The Trillion-Dollar Bet on Never-Ending Demand
Strip away the record-book framing and SK Hynix's Nasdaq debut is really a single wager: that artificial intelligence has permanently rewired the memory business. For four decades, memory chips have run on a brutal cycle - demand spikes, everyone builds capacity, oversupply crashes prices, factories idle, repeat. The premise behind this listing, as Bloomberg framed it, is that AI has broken that cycle for good [1]. The evidence investors are leaning on is the product SK Hynix dominates: high-bandwidth memory, or HBM, the specialized stacked-DRAM that sits next to Nvidia's AI GPUs and feeds them data fast enough to keep the chips busy. Without enough HBM, an AI accelerator starves. SK Hynix supplied roughly 52.5% of that market in 2024 [2], which effectively makes it a chokepoint for the entire AI buildout.
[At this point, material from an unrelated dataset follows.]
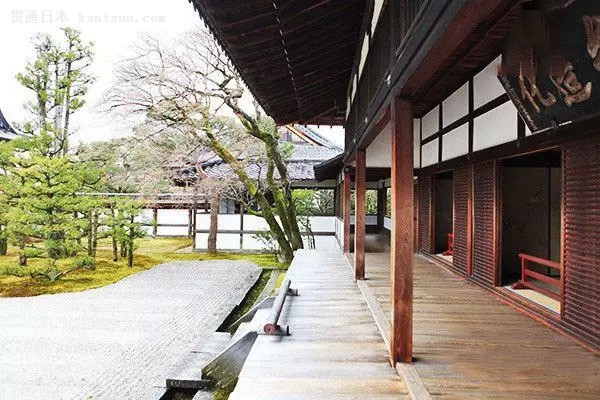 一大波旅行团靠近 拿好秘籍避开人潮去日本赏樱花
The most striking part is that the company's own chief executive is not selling a soft landing - he is selling scarcity. Kwak Noh-jung said on debut week that 2027 will be 'the worst year in the industry's history from the supply perspective' and that demand will outrun capacity even beyond 2030 [3]. That is an unusual pitch: raise tens of billions to expand, then warn that even the expansion will not be enough. For bulls, the shortage forecast is the whole thesis - it implies pricing power and fat margins for years. The debut, in other words, is not priced as a chipmaker. It is priced as the toll road for AI compute.